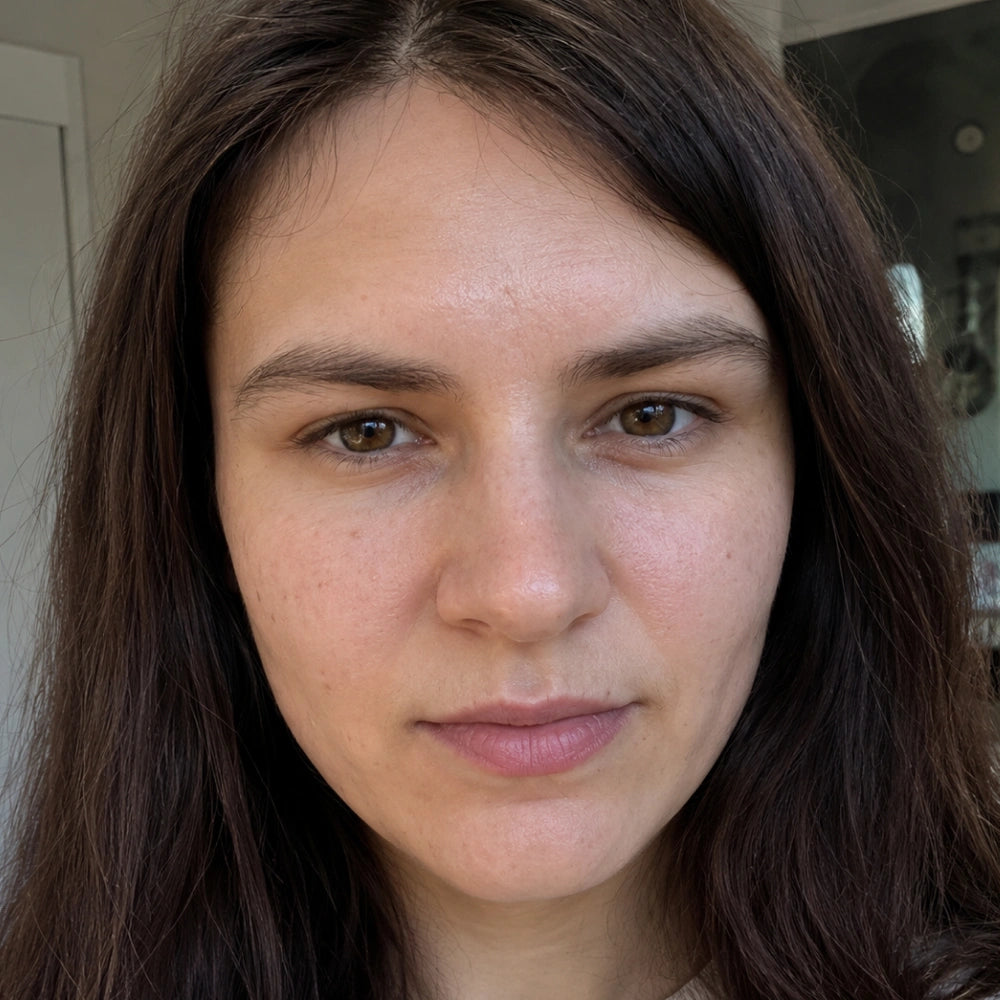 Keisha, 33 — before, uneven texture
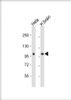 Western Blot at 1:1000 dilution Lane 1: Hela whole cell lysate Lane 2: human brain lysate Lysates/proteins at 20 ug per lane.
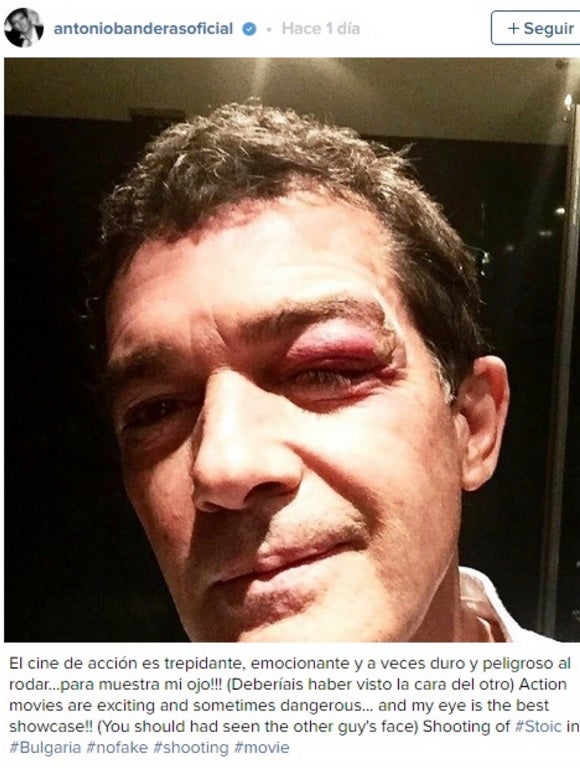 Antonio Banderas acaba con un ojo morado rodando con Paz Vega
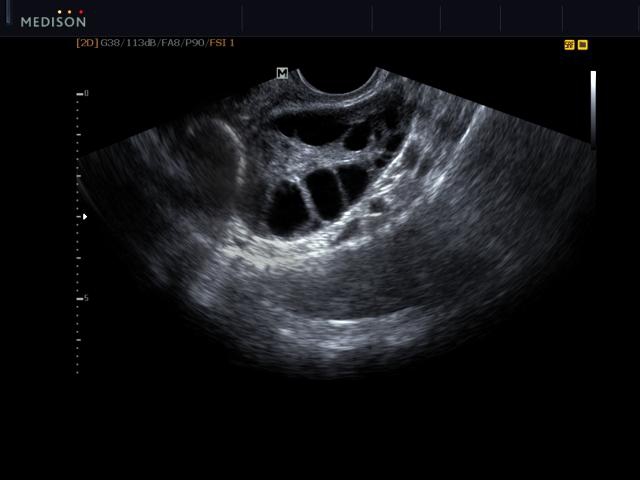 Samsung SonoAce R7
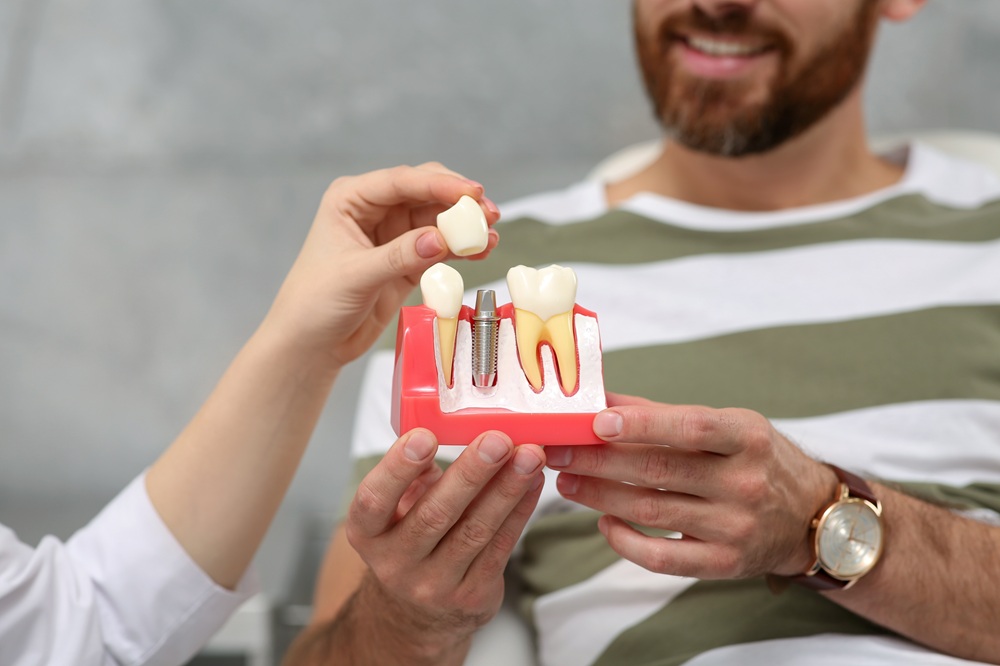 Irvine Dental Implants: Reviewing an Implant and Crown Model Irvine dental patient examining an implant and crown model during his consultation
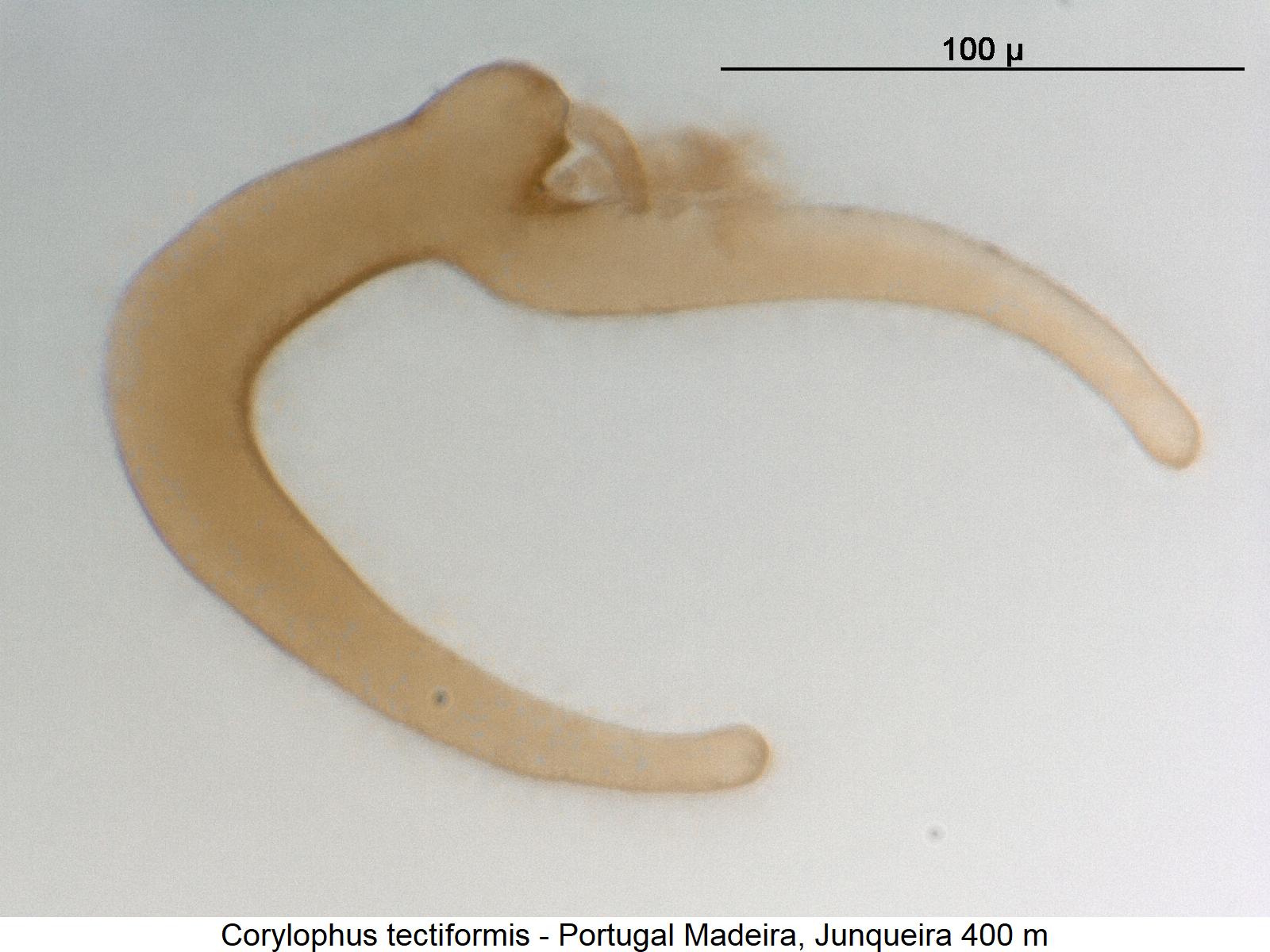 corylophus_tectiformis_sperm.jpg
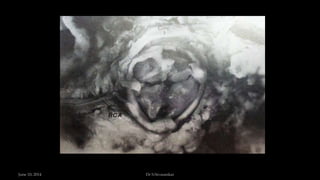 June 10, 2014 Dr S.Sivasankar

--

■ **TASK BRIEF**: Output the lines above verbatim, images excluded.

■ **ANSWER BOX**:
 Keisha, 33 — before, uneven texture
 Western Blot at 1:1000 dilution Lane 1: Hela whole cell lysate Lane 2: human brain lysate Lysates/proteins at 20 ug per lane.
 Antonio Banderas acaba con un ojo morado rodando con Paz Vega
 Samsung SonoAce R7
 Irvine Dental Implants: Reviewing an Implant and Crown Model Irvine dental patient examining an implant and crown model during his consultation
 corylophus_tectiformis_sperm.jpg
 June 10, 2014 Dr S.Sivasankar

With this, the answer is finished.